On average, UK workers spend one day every fortnight travelling to and from work. 25 million commuters go to a fixed place of work every day and of these 18 million go by car, compressed into a few hours in the morning and evening rush hours. Annual UK Office commuting alone produces19.7 million tonnes of CO2 emission.
With cost pressures, performance and carbon emission targets becoming increasingly challenging, coupled with high workplace stress levels and long working hours, is it still sensible for people to spend long hours commuting to “the office” ?
While car travel is one of the big carbon emitters, buildings (and particularly offices) are by far the biggest source accounting for over 40% of the total UK emission of 153 million tonnes of CO2. So reducing the daily commute in “gas guzzling” cars is one way of helping sustain the planet, but perhaps using this to also reduce the need for “carbon guzzling” under utilised office space is even more effective in reducing carbon footprint.
Implementing and developing agile working can if managed well meet the sustainability targets of reducing both travel and the office footprint for many organisations.

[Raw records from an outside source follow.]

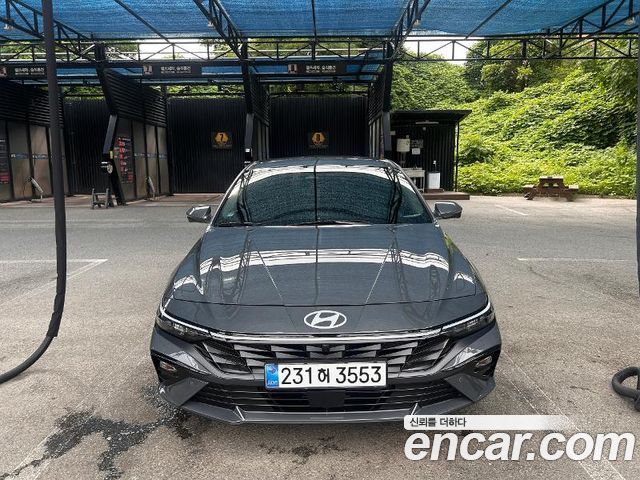 Hyundai AVANTE 2025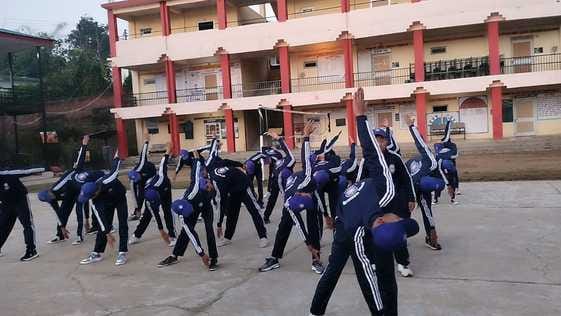 Volunteers performed yoga exercises in Jahu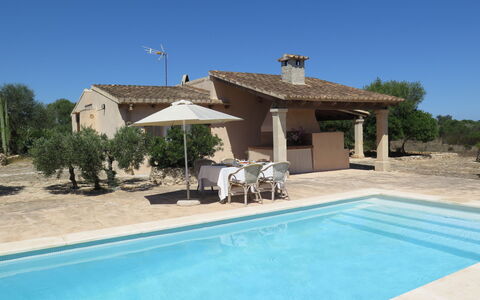 S'Almunia: Eigentum, Schwimmbad, Haus, Zuhause, Grundeigentum, Gebäude, Villa, Estate, Urlaub, Freizeit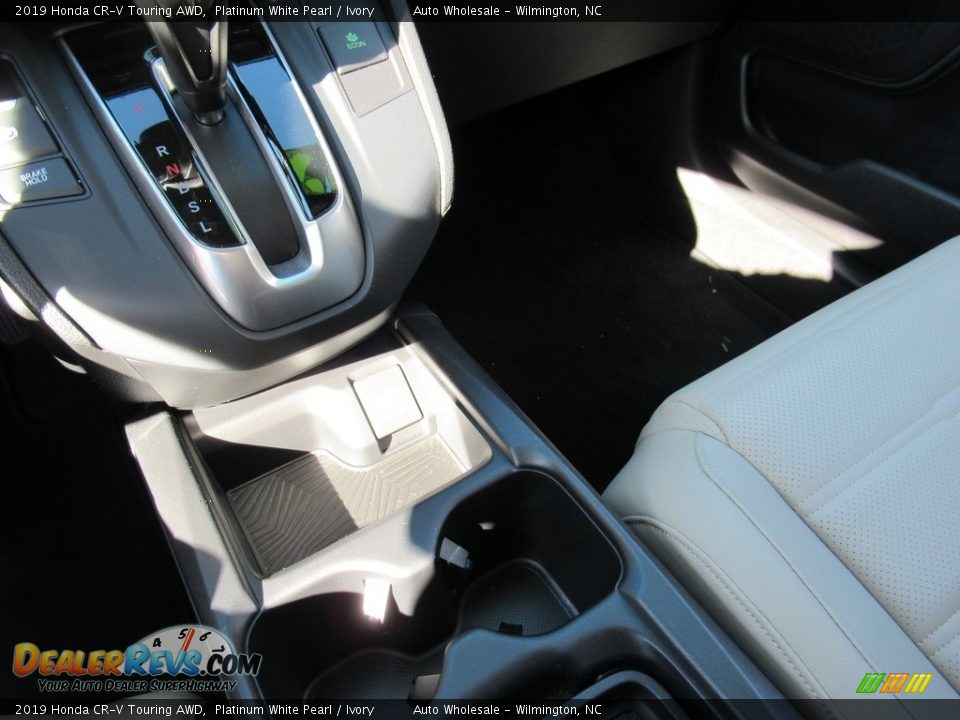 2019 Honda CR-V Touring AWD Platinum White Pearl / Ivory Photo #19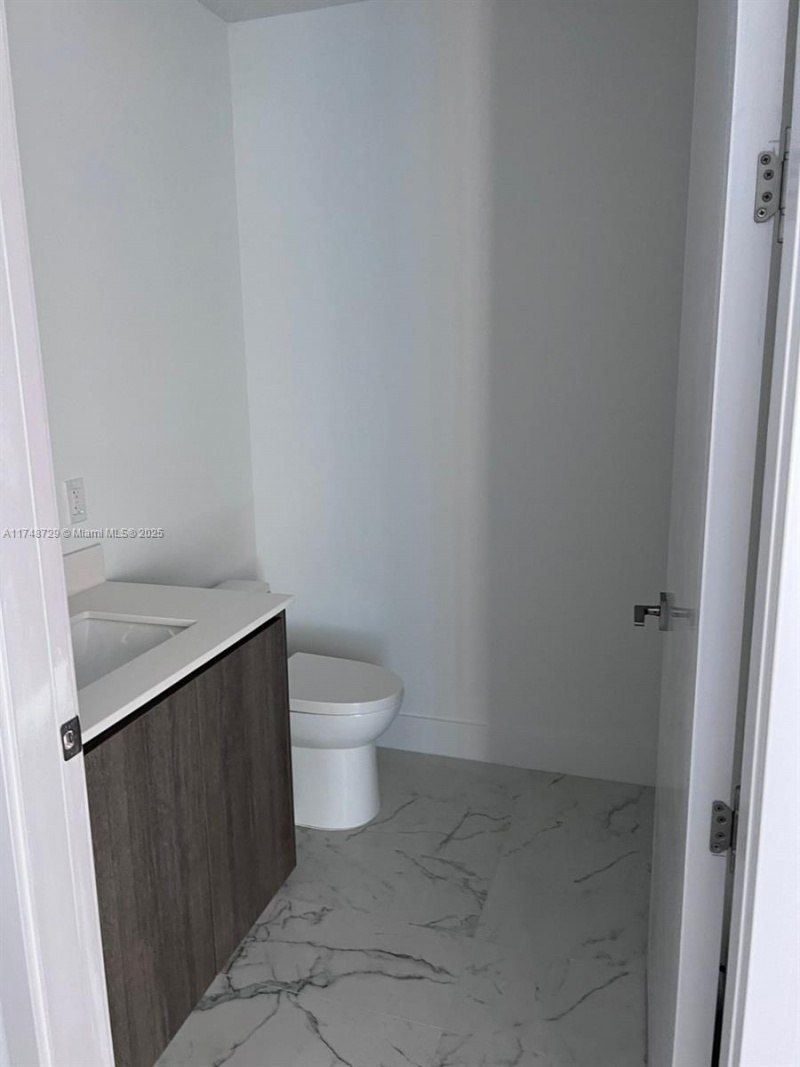 17550 Collins Ave, Unit 1004, Sunny Isles Beach, FL 33160 Photo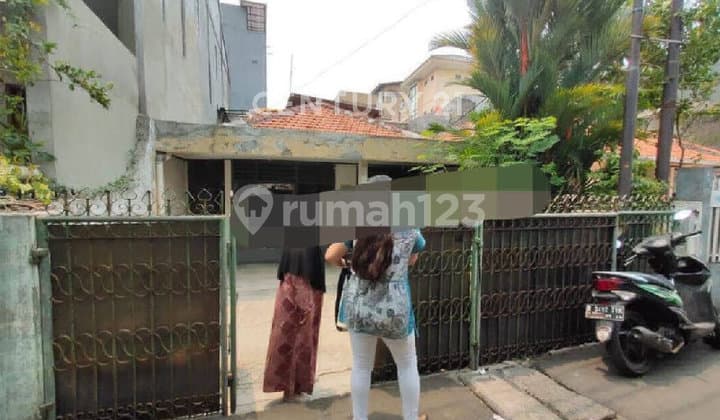 Rumah Tua Hitung Tanah Murah Utan Kayu Jakarta Timur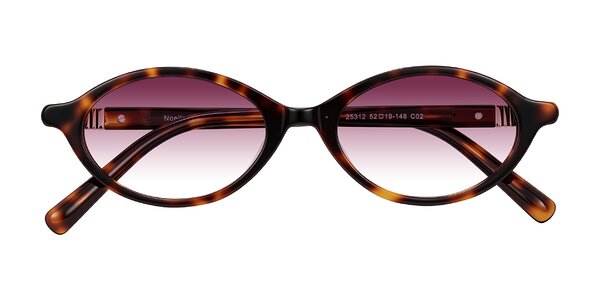 Front of Noelle in Tortoise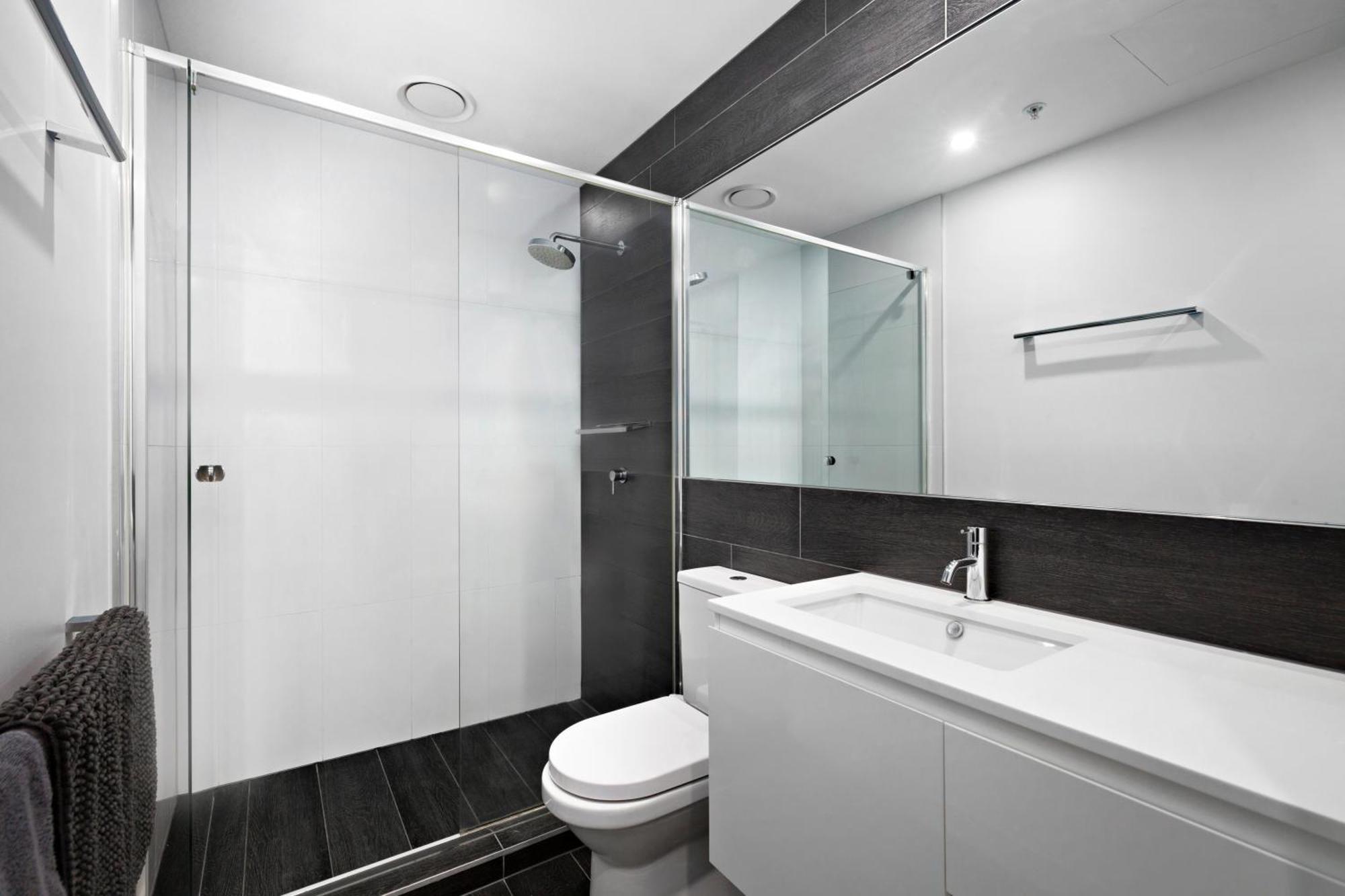 Modern Quiet 1 & 2 Bed Apt Opposite Albert Park Melbourne Exterior photo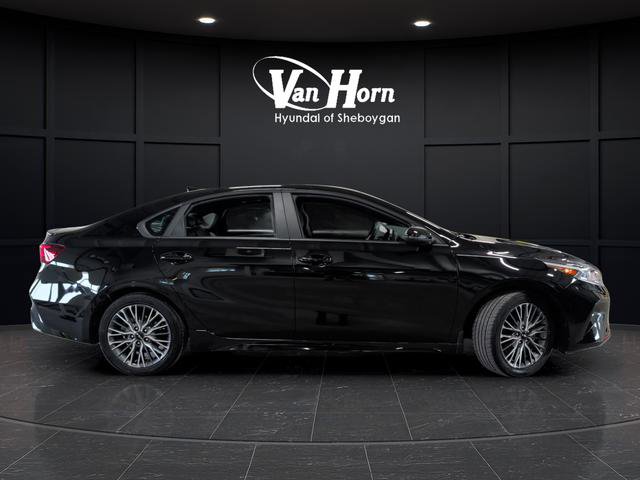 Used 2024 Kia Forte GT-Line w/ GT-Line Premium Package image 2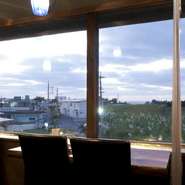 沖縄料理と創作料理の店。青い海とサトウキビ畑。島の風景が疲れた心と体を癒してくれる。「ロケーションと癒しの隠れ家ダイニング」
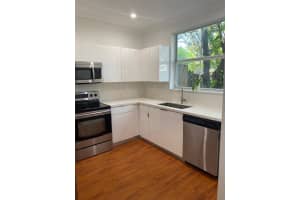 194 Riverwalk Cir, Sunrise, FL 33326, Sold 05/16/22
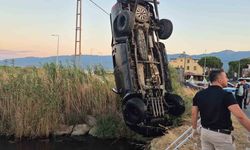 Dereye uçan arazi taşıtındaki 2 genç hayatını kaybetti, 1 yaralı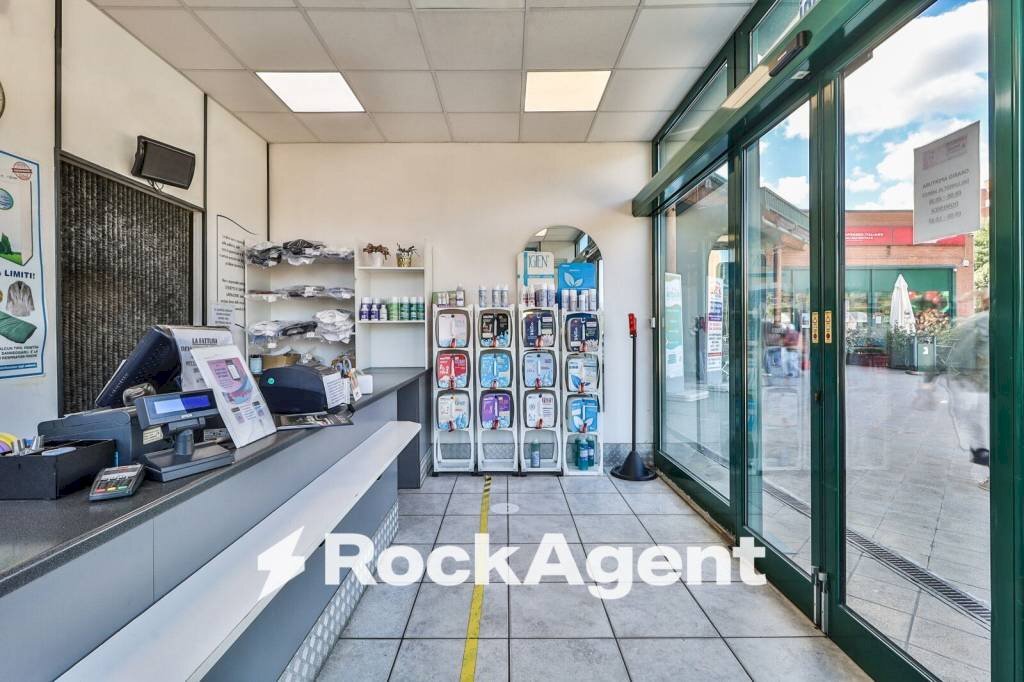 Interno non residenziale - Negozio via Amilcare Ponchielli, 23, Bologna (zona Savena) - foto 2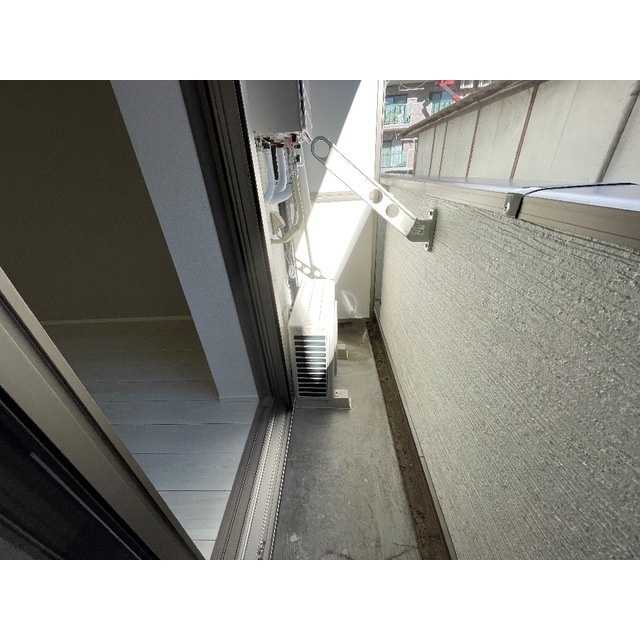 お洗濯にも便利なバルコニー付き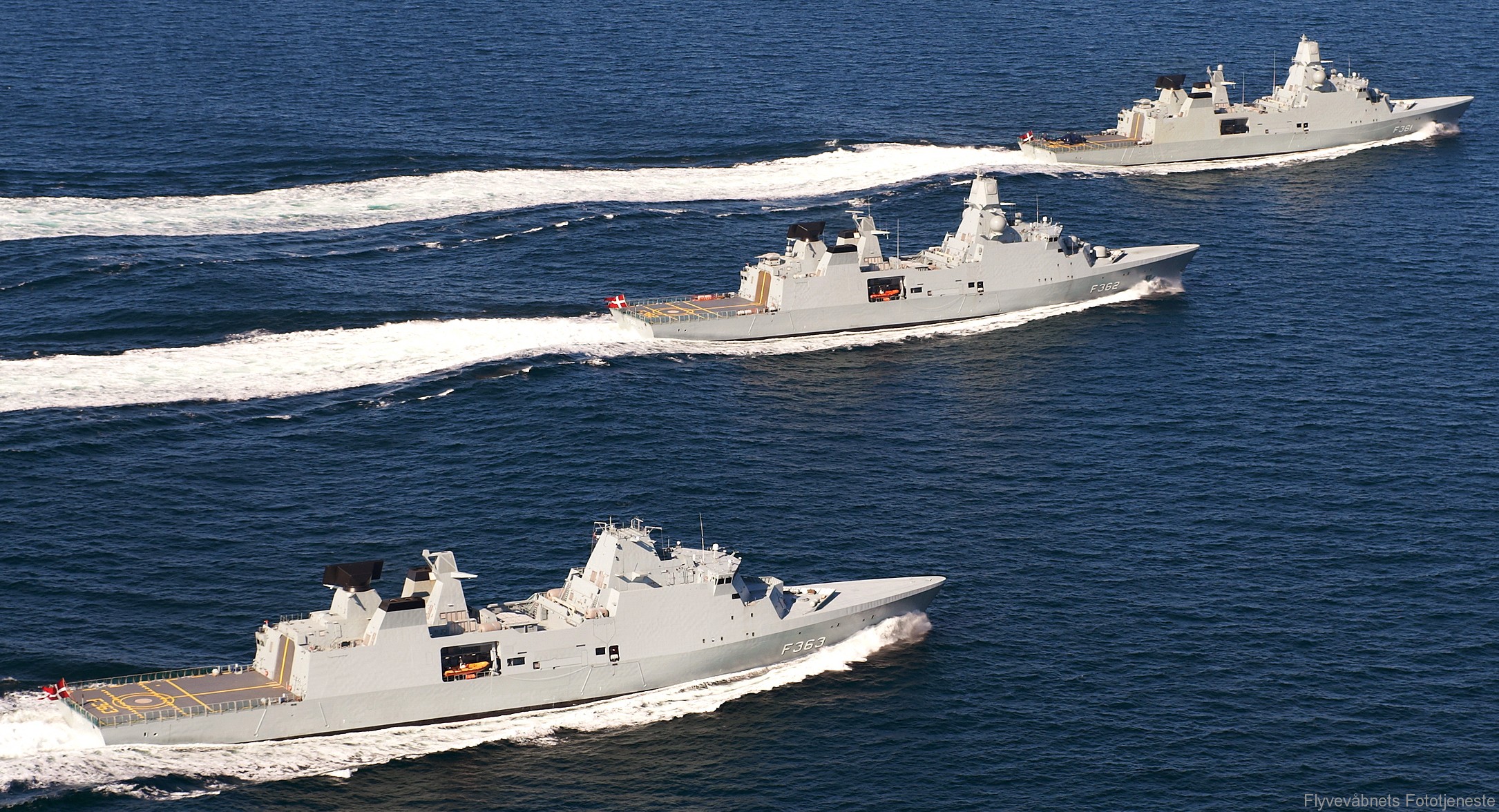 iver huitfeldt class guided missile frigate royal danish navy 02x hdms peter willemoes niels juel ffg
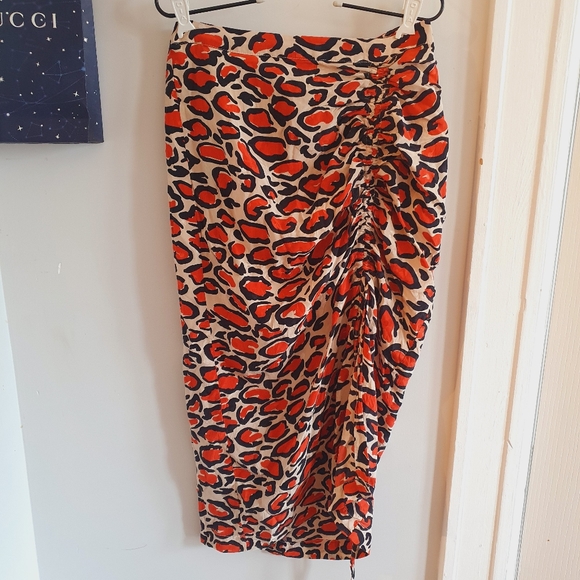 ESSENTIEL ANTWERP - Picture 2 of 2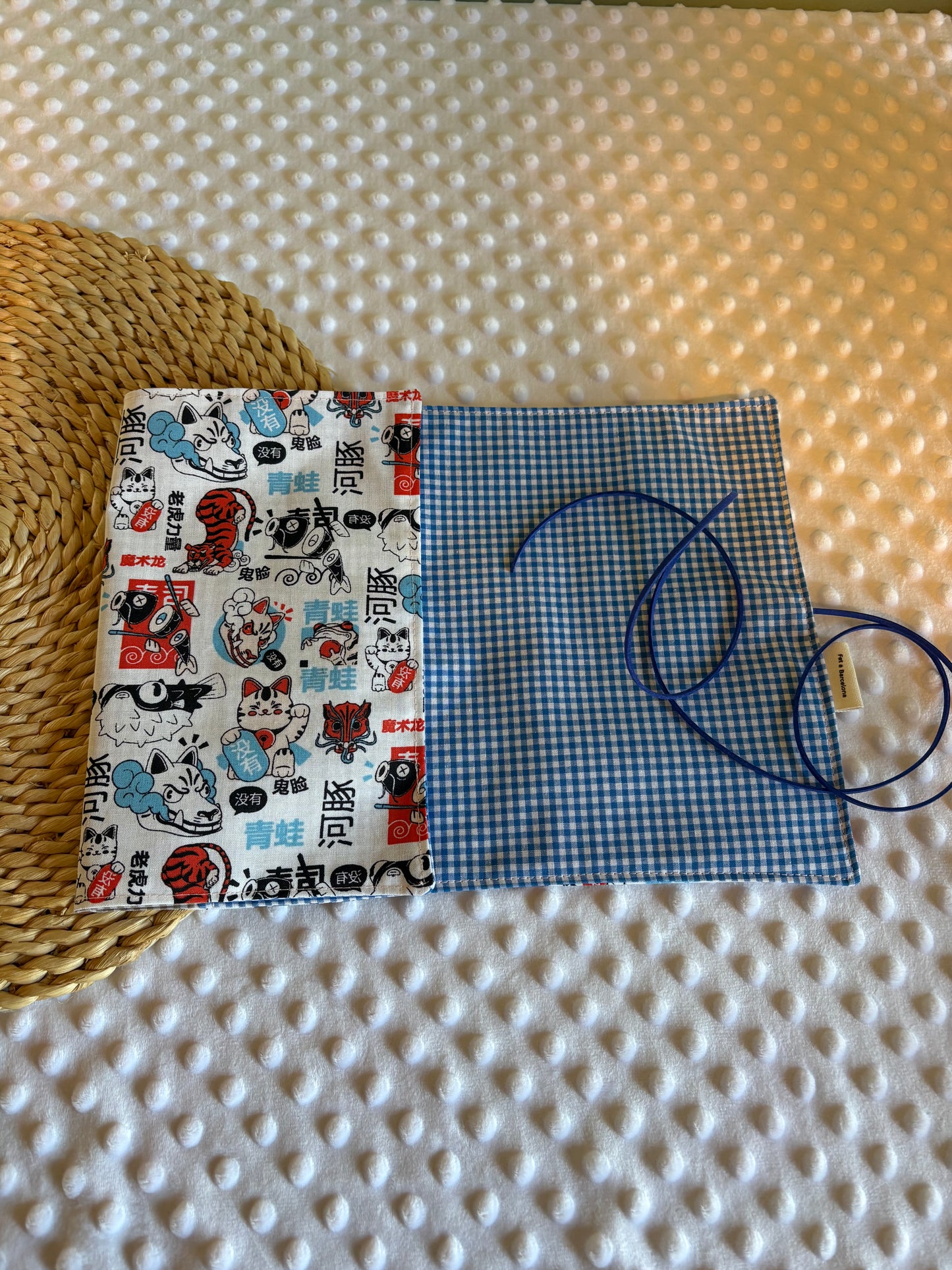 Funda para libros neki azul rojo – Hecha a mano en Barcelona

This twin focus on agility and sustainability – sustainagility – can reduce environmental impact as well as property related costs, but also improve service resilience, business and individual productivity, customer focus, and create better “work life” balance and CSR (Corporate Social Responsibility).
Increasingly, forward thinking management aware of sustainagility benefits are allowing, promoting, setting up and supporting more staff to work ‘agile’ and remotely – from home on a regular or ‘ad hoc’ basis, from ‘third places’ and on the move – utilising technology to limit the need to come into the office, working closer with customers and in the community, whilst also staggering work patterns so employees can avoid peak travel times, overall enabling more productive working.
In the public sector, Ofsted is the largest home-based government organisation employing over 2,000 staff, of which 60% are home-based inspectors. For Ofsted the idea of homeworking is not about reducing costs, but about improving efficiency through flexibility and locating staff where the work is. Nevertheless, the move to homeworking significantly reduced Ofsteds building footprint from 8 to 3 buildings.
In other organisations the drive to reduce carbon footprint coupled with a desire to move resources to a more variable cost base is encouraging a change towards a virtual existence. BT has 70,000 remote enabled workers as well as 15,000 registered Home Workers which has allowed the Company to reduce its office space by 50% in the last decade. Supporting agile workers through BT’s extensive use of teleconferencing has eliminated the need for over 850,000 face to face meetings a year, saving £135m in travel related costs and 97,000 tonnes of carbon as well as £103m in productivity benefits.
Unilever’s Agile Working programme made new software available to enable employees to hold virtual meetings through online discussion forums, document-sharing and presentation capability. This enabled its people to work more flexibly and interact with their colleagues from work, home or while travelling. By 2009 some 97,000 virtual meetings were held, and with over 40 000 employees using the technology, savings on travel costs, CO2 reductions and improved work–life balance are significant.
One of the largest Local Authority investment programmes in progress, Birmingham City Councils “Working for the Future” is designed to transform the Council’s operational property portfolio to enable improvements in customer service delivery, offer new ways of working and enhance the work environment for employees. The key elements are focused on enabling agile working across the Council through the introduction of new work styles, working practice guidance and new ICT technologies, as well as providing improved more sustainable workplaces.
The City Council aims to make savings of £100m over 25 years through consolidating the council’s office portfolio. The programme is also significantly reducing the Council carbon footprint not only through creating the ability for people to work remotely – reducing unnecessary travel, but also by reduction in floor space (35% reduction in its 1 million sq ft back office estate) as well as upgrading and trading in old inefficient space for 3 new “green” buildings on “brownfield” regeneration sites.
The “drivers” (excuse the pun) and enablers of change for new ways of working are clearly visible and available to most organisations. So has there ever been a better time or justification to implement and gain the benefits of sustainagility?